=== Material to process ===
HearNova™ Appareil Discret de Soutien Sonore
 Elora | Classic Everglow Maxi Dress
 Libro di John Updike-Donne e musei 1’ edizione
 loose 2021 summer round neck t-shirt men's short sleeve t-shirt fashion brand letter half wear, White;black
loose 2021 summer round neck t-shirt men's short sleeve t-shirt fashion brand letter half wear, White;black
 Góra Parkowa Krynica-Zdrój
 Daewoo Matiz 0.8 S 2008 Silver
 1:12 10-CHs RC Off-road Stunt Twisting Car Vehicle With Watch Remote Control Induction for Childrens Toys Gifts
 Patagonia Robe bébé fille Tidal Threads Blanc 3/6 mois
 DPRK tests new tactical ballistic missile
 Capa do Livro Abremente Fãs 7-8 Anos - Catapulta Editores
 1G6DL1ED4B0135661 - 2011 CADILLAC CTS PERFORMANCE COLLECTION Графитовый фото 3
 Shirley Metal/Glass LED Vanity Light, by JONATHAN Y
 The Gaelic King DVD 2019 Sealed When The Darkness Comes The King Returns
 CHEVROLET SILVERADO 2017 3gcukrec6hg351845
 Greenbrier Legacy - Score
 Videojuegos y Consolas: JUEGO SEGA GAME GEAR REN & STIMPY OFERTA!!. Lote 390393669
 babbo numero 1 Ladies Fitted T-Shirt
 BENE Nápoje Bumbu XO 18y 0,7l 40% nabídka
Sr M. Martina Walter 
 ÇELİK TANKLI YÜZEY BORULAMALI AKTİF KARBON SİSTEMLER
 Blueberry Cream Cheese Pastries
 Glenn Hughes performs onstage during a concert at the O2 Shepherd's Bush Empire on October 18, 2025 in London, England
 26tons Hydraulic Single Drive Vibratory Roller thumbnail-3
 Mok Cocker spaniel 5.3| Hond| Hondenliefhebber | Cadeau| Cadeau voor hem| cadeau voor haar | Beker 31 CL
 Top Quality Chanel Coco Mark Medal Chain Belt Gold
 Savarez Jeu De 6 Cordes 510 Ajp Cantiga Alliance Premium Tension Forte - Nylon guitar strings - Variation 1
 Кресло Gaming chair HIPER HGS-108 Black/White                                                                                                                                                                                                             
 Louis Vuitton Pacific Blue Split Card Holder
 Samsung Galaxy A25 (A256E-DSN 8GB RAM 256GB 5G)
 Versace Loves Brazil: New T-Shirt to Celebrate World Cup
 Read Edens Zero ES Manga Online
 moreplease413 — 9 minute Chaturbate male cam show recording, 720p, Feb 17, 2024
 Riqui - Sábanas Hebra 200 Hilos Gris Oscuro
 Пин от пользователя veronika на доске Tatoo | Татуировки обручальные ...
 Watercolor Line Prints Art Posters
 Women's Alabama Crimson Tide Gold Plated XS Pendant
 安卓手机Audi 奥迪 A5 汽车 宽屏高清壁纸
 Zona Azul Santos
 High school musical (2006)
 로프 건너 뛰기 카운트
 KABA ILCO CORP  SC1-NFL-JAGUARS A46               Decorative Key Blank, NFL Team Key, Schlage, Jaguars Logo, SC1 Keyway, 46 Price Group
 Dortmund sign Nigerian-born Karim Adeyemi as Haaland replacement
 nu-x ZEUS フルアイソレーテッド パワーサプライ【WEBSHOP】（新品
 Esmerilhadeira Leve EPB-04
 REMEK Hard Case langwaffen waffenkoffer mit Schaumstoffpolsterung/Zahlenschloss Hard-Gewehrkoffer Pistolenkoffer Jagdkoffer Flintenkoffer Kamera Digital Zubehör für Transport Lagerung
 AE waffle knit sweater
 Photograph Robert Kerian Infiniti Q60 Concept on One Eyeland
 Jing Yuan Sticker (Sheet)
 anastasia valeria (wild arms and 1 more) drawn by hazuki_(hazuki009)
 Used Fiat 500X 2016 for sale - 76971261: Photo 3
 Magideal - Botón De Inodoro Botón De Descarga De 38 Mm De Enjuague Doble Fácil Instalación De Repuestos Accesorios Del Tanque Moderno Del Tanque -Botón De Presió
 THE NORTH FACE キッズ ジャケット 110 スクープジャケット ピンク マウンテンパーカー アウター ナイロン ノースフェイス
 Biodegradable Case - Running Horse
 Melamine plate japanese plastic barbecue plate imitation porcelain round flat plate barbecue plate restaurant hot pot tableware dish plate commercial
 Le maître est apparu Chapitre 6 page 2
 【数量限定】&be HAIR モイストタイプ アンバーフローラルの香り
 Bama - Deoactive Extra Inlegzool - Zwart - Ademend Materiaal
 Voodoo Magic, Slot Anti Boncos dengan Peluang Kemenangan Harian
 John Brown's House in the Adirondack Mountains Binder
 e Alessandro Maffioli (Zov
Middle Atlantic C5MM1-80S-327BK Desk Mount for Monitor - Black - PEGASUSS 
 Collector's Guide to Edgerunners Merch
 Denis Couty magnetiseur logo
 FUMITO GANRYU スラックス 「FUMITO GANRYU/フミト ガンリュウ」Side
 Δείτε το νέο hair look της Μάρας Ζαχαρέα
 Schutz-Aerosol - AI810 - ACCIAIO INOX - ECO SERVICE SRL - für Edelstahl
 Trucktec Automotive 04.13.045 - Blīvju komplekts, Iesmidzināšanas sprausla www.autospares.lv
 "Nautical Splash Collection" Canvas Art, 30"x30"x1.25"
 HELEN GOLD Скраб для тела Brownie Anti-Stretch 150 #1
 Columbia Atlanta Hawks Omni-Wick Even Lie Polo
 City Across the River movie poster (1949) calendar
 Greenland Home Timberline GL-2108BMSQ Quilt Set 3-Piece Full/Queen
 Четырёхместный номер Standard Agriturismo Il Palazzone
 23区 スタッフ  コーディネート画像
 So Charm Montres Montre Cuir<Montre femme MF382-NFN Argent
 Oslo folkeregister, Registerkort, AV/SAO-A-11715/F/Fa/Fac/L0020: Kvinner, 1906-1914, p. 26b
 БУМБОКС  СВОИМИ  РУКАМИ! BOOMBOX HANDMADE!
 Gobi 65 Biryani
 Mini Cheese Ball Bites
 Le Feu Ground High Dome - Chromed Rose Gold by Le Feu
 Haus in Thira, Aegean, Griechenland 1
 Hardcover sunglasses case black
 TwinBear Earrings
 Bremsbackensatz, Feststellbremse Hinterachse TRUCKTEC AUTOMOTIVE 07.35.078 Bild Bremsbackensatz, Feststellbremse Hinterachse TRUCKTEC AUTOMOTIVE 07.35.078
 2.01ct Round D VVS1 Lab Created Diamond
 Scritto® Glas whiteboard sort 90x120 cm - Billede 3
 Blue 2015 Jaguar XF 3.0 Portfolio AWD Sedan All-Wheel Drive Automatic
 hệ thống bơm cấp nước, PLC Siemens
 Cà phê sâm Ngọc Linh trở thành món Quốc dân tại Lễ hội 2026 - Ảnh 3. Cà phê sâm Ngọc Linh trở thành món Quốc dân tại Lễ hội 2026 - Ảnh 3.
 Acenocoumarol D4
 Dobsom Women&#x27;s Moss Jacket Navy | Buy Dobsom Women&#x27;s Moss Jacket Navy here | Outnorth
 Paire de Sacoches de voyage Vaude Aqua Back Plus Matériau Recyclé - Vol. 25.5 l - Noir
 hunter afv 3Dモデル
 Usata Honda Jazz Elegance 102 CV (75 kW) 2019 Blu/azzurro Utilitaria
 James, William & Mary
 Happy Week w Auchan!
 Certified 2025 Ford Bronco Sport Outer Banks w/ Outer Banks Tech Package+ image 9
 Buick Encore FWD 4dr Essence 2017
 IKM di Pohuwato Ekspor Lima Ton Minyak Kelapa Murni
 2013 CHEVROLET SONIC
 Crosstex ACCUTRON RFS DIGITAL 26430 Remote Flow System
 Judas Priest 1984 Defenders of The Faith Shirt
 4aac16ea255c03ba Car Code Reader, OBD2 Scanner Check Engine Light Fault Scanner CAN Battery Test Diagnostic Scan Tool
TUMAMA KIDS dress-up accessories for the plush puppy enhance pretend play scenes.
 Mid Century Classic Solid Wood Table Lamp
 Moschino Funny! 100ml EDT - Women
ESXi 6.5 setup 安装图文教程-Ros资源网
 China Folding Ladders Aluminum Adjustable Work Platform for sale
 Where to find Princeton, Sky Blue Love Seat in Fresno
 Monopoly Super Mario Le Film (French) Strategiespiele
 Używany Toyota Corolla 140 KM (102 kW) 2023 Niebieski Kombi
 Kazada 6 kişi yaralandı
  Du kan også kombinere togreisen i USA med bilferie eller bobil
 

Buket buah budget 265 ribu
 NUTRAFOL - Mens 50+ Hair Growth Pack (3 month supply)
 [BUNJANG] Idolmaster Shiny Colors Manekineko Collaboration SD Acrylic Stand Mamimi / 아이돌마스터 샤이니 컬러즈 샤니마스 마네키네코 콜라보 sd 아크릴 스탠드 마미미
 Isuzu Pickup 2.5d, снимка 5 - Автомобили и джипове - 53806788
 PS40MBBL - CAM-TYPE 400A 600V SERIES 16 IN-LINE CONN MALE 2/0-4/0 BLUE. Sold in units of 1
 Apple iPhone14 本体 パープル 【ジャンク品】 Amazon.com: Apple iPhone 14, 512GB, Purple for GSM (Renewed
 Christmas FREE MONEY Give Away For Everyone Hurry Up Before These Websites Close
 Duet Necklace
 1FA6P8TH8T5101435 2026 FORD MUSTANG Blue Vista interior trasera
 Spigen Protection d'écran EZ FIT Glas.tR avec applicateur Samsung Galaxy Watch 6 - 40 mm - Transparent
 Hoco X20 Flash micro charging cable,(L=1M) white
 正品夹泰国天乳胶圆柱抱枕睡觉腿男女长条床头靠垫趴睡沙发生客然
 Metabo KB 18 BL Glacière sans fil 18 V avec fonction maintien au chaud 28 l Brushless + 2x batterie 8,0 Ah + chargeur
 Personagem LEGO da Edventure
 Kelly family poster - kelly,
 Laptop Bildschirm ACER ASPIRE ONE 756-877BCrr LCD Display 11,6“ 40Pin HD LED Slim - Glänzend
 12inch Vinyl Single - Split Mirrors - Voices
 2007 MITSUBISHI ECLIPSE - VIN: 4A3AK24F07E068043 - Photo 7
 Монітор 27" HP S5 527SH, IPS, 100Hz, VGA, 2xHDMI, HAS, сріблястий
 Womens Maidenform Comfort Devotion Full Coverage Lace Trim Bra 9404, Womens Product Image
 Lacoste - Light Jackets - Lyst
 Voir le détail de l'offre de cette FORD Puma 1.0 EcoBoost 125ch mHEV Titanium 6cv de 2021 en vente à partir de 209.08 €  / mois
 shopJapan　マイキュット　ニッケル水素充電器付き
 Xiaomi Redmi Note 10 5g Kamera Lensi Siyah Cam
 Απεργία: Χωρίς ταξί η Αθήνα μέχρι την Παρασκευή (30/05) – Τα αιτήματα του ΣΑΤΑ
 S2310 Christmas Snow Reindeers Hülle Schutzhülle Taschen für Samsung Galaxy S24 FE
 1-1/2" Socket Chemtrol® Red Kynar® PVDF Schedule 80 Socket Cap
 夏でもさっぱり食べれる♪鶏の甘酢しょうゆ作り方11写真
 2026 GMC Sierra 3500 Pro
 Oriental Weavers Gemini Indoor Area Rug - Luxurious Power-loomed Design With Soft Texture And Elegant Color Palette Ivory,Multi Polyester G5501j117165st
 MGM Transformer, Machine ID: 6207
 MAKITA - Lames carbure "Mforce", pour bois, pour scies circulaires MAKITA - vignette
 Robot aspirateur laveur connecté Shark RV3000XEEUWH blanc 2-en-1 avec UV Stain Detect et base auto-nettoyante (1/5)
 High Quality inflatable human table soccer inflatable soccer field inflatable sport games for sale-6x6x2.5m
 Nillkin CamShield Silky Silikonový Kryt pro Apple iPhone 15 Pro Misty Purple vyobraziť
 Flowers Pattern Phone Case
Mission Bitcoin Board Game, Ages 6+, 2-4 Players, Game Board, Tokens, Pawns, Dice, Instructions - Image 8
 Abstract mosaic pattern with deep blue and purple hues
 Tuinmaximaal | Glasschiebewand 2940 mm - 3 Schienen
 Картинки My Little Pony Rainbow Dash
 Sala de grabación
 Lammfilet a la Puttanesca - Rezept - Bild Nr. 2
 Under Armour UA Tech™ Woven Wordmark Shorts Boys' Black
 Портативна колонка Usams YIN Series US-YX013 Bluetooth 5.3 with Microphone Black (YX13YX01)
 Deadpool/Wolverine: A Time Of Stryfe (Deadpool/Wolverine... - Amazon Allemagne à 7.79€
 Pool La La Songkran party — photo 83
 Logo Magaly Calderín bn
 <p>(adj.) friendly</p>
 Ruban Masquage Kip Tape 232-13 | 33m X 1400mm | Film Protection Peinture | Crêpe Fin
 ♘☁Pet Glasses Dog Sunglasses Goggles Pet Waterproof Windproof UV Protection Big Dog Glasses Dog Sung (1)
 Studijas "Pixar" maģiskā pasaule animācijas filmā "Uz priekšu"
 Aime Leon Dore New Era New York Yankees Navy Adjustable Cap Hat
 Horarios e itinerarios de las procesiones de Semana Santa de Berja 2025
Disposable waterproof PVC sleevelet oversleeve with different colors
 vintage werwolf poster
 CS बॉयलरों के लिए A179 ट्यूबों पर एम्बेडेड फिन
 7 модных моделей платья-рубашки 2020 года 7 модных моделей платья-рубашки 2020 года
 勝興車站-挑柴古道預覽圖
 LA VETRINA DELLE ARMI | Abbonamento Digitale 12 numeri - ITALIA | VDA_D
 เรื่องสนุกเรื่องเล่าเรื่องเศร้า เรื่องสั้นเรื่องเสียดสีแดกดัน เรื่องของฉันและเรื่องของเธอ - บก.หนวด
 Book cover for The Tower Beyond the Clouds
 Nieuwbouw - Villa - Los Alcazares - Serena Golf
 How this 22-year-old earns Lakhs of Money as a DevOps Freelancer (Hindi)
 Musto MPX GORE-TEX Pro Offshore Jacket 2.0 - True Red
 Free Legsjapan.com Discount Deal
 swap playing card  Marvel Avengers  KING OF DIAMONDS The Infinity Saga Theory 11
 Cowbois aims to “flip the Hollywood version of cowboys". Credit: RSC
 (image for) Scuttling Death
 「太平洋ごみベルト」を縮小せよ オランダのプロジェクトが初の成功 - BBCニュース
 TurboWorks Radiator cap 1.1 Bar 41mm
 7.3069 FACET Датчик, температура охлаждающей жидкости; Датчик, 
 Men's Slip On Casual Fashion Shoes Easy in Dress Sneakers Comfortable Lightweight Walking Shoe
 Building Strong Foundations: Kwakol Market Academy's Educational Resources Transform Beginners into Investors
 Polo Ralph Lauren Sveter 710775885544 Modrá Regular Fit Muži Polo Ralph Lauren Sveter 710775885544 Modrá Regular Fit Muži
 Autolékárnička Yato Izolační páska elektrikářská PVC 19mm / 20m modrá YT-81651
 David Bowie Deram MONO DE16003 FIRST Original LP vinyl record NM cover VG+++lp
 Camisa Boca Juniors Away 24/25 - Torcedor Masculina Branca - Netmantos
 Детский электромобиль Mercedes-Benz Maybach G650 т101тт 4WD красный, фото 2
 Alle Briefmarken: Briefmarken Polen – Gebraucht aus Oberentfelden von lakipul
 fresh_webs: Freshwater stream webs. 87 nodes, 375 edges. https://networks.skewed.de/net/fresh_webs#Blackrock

=== Exercise ===
Report the number of lines in the records that include the string "Galaxy", and write no other words.

=== Output for this exercise ===
3